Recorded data
======

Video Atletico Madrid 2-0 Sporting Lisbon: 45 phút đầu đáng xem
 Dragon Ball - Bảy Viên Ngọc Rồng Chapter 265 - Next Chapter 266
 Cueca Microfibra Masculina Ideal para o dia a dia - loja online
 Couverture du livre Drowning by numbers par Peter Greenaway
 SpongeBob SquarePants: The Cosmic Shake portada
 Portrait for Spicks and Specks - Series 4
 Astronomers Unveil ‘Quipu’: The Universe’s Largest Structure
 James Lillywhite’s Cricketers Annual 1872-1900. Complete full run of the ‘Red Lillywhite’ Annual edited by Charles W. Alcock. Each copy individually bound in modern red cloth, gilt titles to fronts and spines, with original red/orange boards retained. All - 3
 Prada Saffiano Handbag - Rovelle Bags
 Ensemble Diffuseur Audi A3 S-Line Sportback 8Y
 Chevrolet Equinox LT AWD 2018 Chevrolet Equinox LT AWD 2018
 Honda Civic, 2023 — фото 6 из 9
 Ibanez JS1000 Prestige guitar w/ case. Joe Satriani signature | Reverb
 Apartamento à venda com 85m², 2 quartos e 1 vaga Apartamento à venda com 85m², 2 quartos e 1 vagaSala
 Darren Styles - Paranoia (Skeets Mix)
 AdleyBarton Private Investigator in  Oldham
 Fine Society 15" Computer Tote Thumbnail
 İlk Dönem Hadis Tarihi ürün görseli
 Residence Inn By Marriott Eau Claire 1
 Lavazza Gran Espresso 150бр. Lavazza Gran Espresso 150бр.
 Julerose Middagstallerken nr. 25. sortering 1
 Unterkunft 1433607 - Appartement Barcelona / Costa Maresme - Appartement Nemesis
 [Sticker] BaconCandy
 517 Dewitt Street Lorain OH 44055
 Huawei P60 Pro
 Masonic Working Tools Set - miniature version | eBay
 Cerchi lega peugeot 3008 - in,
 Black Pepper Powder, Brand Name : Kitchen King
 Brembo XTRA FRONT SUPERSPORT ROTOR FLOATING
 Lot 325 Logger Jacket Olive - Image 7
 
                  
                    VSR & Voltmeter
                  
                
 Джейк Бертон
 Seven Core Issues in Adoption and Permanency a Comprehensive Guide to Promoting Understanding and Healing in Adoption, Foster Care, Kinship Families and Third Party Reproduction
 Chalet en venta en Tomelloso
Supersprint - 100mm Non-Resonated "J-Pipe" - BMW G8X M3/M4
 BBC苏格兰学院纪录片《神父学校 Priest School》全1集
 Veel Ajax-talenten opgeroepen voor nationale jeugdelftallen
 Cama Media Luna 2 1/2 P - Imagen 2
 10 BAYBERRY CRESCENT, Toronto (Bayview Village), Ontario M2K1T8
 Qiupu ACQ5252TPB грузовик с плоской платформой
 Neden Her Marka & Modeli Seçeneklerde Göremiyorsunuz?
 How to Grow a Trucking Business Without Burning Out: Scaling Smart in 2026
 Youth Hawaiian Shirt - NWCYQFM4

======

### [Problem requirements]
Every entry that appears above should be duplicated exactly.

### [Solution to the exercise]
Video Atletico Madrid 2-0 Sporting Lisbon: 45 phút đầu đáng xem
 Dragon Ball - Bảy Viên Ngọc Rồng Chapter 265 - Next Chapter 266
 Cueca Microfibra Masculina Ideal para o dia a dia - loja online
 Couverture du livre Drowning by numbers par Peter Greenaway
 SpongeBob SquarePants: The Cosmic Shake portada
 Portrait for Spicks and Specks - Series 4
 Astronomers Unveil ‘Quipu’: The Universe’s Largest Structure
 James Lillywhite’s Cricketers Annual 1872-1900. Complete full run of the ‘Red Lillywhite’ Annual edited by Charles W. Alcock. Each copy individually bound in modern red cloth, gilt titles to fronts and spines, with original red/orange boards retained. All - 3
 Prada Saffiano Handbag - Rovelle Bags
 Ensemble Diffuseur Audi A3 S-Line Sportback 8Y
 Chevrolet Equinox LT AWD 2018 Chevrolet Equinox LT AWD 2018
 Honda Civic, 2023 — фото 6 из 9
 Ibanez JS1000 Prestige guitar w/ case. Joe Satriani signature | Reverb
 Apartamento à venda com 85m², 2 quartos e 1 vaga Apartamento à venda com 85m², 2 quartos e 1 vagaSala
 Darren Styles - Paranoia (Skeets Mix)
 AdleyBarton Private Investigator in  Oldham
 Fine Society 15" Computer Tote Thumbnail
 İlk Dönem Hadis Tarihi ürün görseli
 Residence Inn By Marriott Eau Claire 1
 Lavazza Gran Espresso 150бр. Lavazza Gran Espresso 150бр.
 Julerose Middagstallerken nr. 25. sortering 1
 Unterkunft 1433607 - Appartement Barcelona / Costa Maresme - Appartement Nemesis
 [Sticker] BaconCandy
 517 Dewitt Street Lorain OH 44055
 Huawei P60 Pro
 Masonic Working Tools Set - miniature version | eBay
 Cerchi lega peugeot 3008 - in,
 Black Pepper Powder, Brand Name : Kitchen King
 Brembo XTRA FRONT SUPERSPORT ROTOR FLOATING
 Lot 325 Logger Jacket Olive - Image 7
 
                  
                    VSR & Voltmeter
                  
                
 Джейк Бертон
 Seven Core Issues in Adoption and Permanency a Comprehensive Guide to Promoting Understanding and Healing in Adoption, Foster Care, Kinship Families and Third Party Reproduction
 Chalet en venta en Tomelloso
Supersprint - 100mm Non-Resonated "J-Pipe" - BMW G8X M3/M4
 BBC苏格兰学院纪录片《神父学校 Priest School》全1集
 Veel Ajax-talenten opgeroepen voor nationale jeugdelftallen
 Cama Media Luna 2 1/2 P - Imagen 2
 10 BAYBERRY CRESCENT, Toronto (Bayview Village), Ontario M2K1T8
 Qiupu ACQ5252TPB грузовик с плоской платформой
 Neden Her Marka & Modeli Seçeneklerde Göremiyorsunuz?
 How to Grow a Trucking Business Without Burning Out: Scaling Smart in 2026
 Youth Hawaiian Shirt - NWCYQFM4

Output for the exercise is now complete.